» **WORK INSTRUCTIONS**: Begin at the line that has "Image of 1 Pack", stop after the line that has "Card Mat for", and print exactly those lines from the records below, without any pictures.

» **TASK INPUTS**:
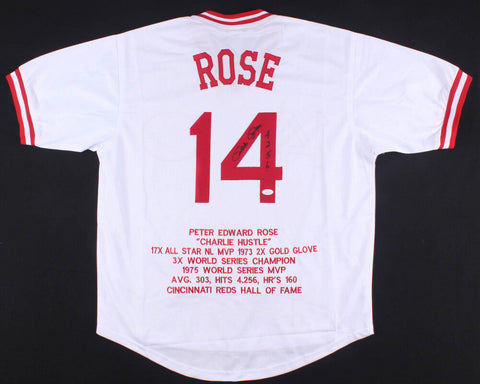 Pete Rose Signed Reds Career Highlight Stat Jersey Inscribed "4256" (JSA Holo)
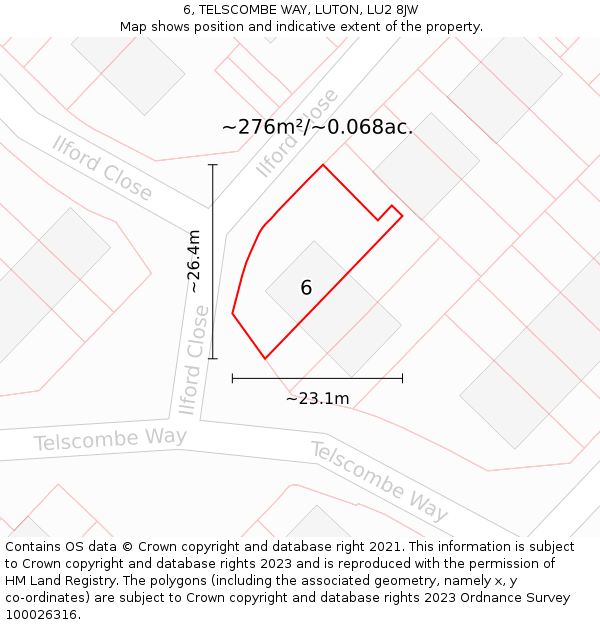 6, TELSCOMBE WAY, LUTON, LU2 8JW: Plot and title map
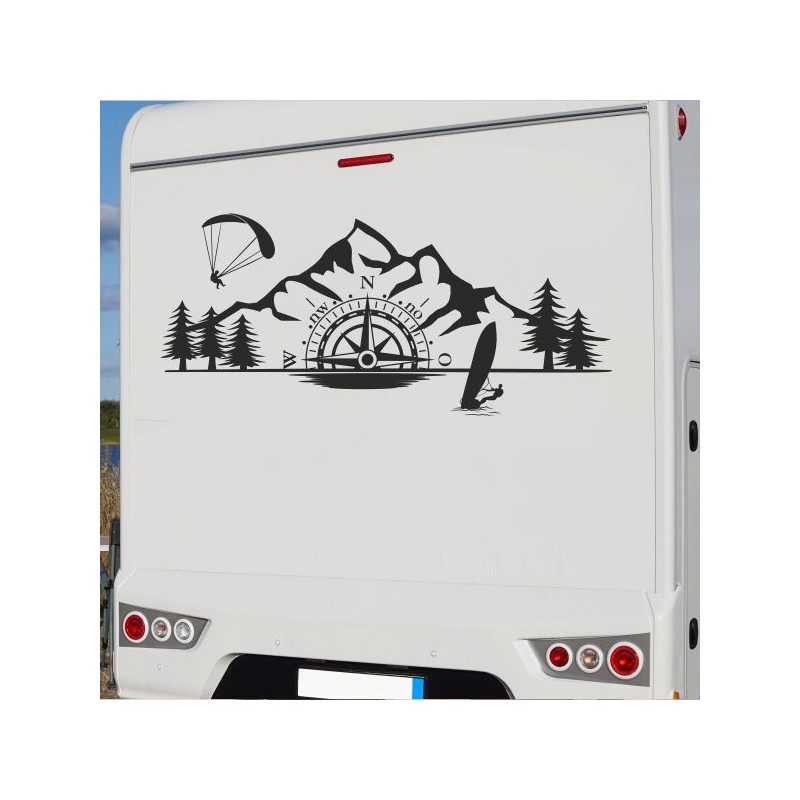 Aufkleber Wohnmobil Wohnwagen Reise Camping Auto Reisemobil Möwe Meer Kompass Globus Strand Palme Urlaub Spruch Familie Zuhause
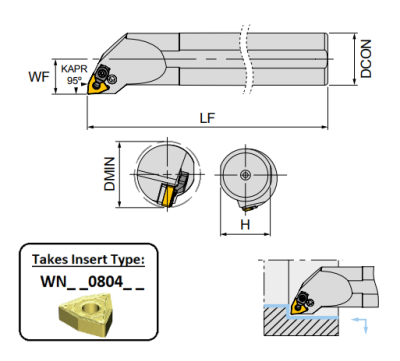 S25S PWLNR08 (95Deg) Lever Clamp Boring Bar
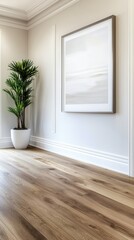 Fototapeta premium A bright, modern space featuring wooden flooring, a large abstract frame on the wall, and a potted plant adding a touch of greenery.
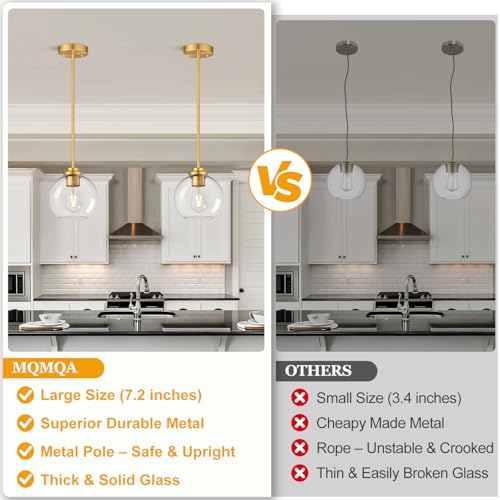 Image of 1 Pack Gold Globe Pendant Lights, Mid Century Gold Pendant Light Fixtures, Globe Pendant Lights Kitchen Island with Clear Glass Shade Adjustable Hanging Fixture for Dining Room (Bulbs not Included)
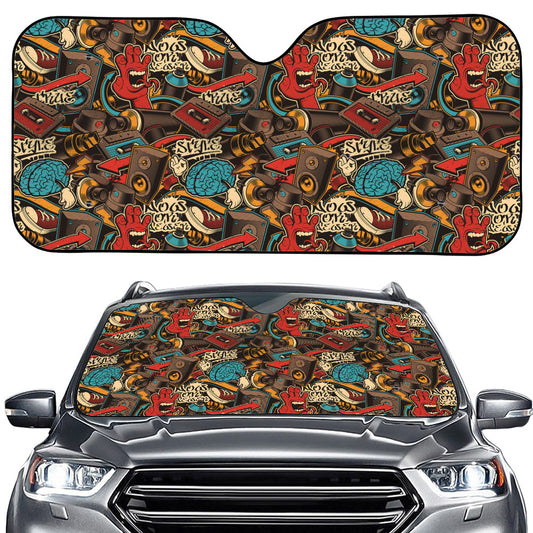 Retro Graffiti Pattern Print Car Windshield Sun Shade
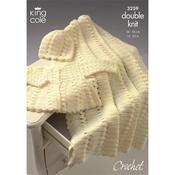 King Cole Crochet Pattern 3259 Coat Shawl &amp; Hat in DK image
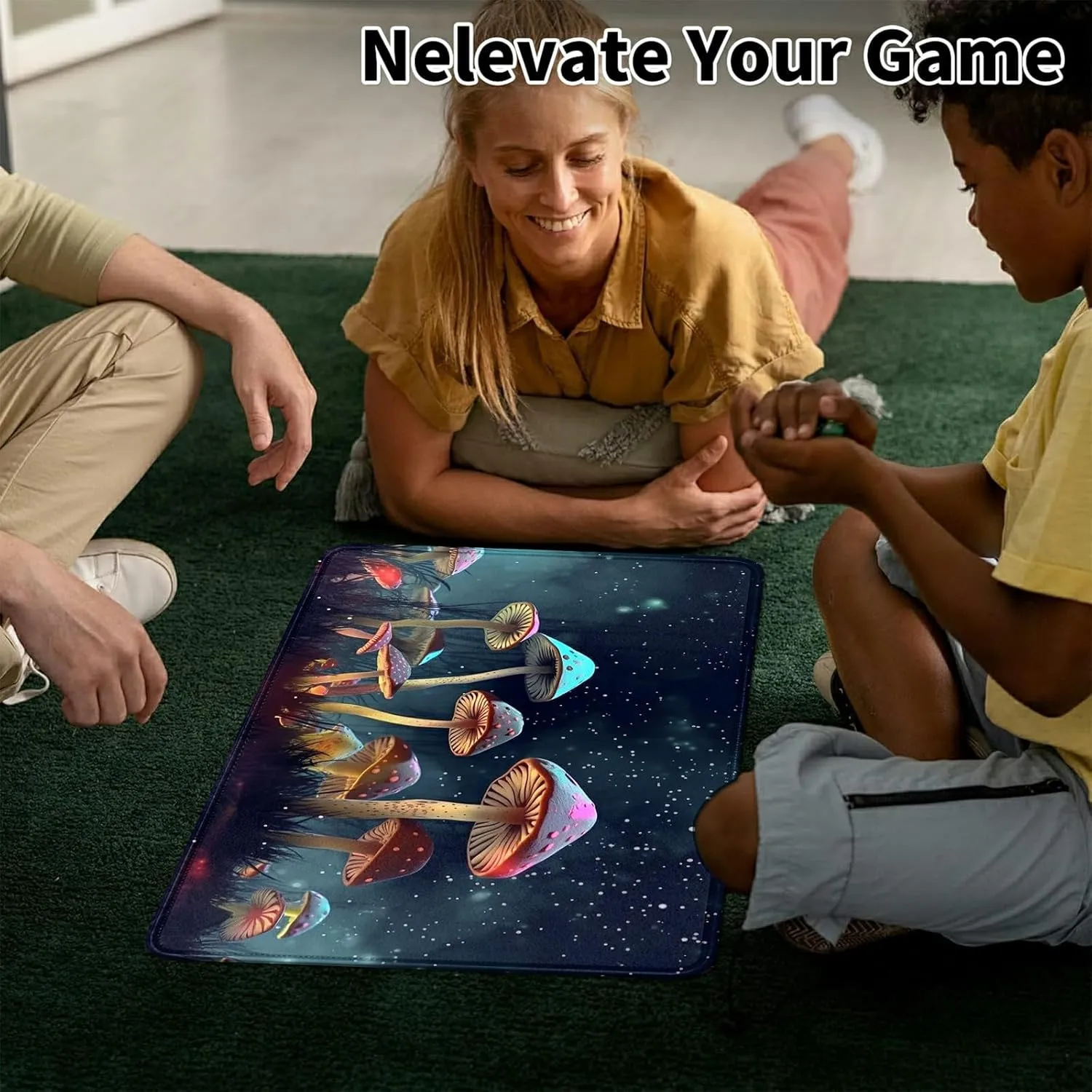 Card Mat for MTG & TCG Playmat Mouse Pad,23.6" x 13.8" Game Mat for MTG RPG CCG Trading Card Game Playmats Table Mat Perfect for Card Games Video Games Computer Office,Colorful Mushrooms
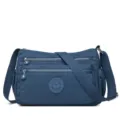 Casual Nylon Shoulder Bag for Women Multi Pocket Crossbody Daily Travel Handbag Blue - Dark Blue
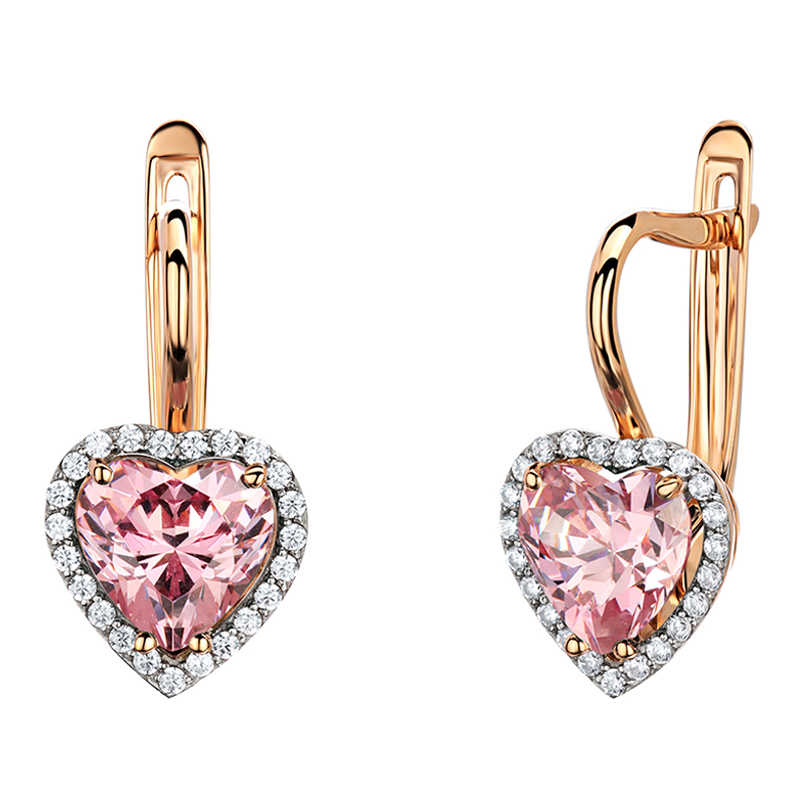 Серьги из красного золота 585 пробы с фианитами 01С2115343Р-2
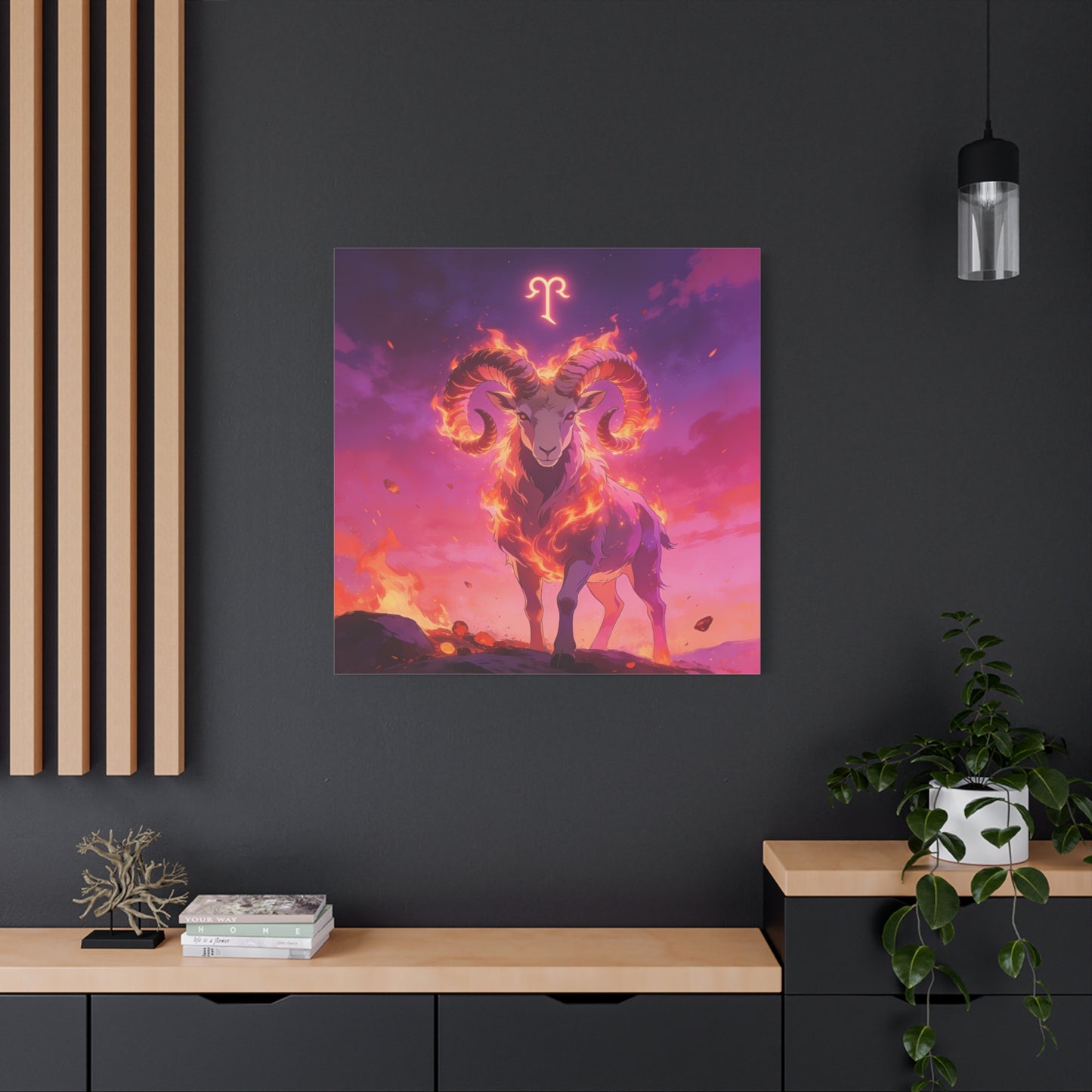 Aries Ram Canvas Wall Art - Fiery Zodiac Illustration, Purple Pink Flame Sky, Matte Canvas Print, Modern Fantasy Style, Bedroom Wall Decor, Home Office Accent, Statement Piece For Astrology Lovers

» **RESPONSE**:
 Image of 1 Pack Gold Globe Pendant Lights, Mid Century Gold Pendant Light Fixtures, Globe Pendant Lights Kitchen Island with Clear Glass Shade Adjustable Hanging Fixture for Dining Room (Bulbs not Included)
 Retro Graffiti Pattern Print Car Windshield Sun Shade
 King Cole Crochet Pattern 3259 Coat Shawl &amp; Hat in DK image
 Card Mat for MTG & TCG Playmat Mouse Pad,23.6" x 13.8" Game Mat for MTG RPG CCG Trading Card Game Playmats Table Mat Perfect for Card Games Video Games Computer Office,Colorful Mushrooms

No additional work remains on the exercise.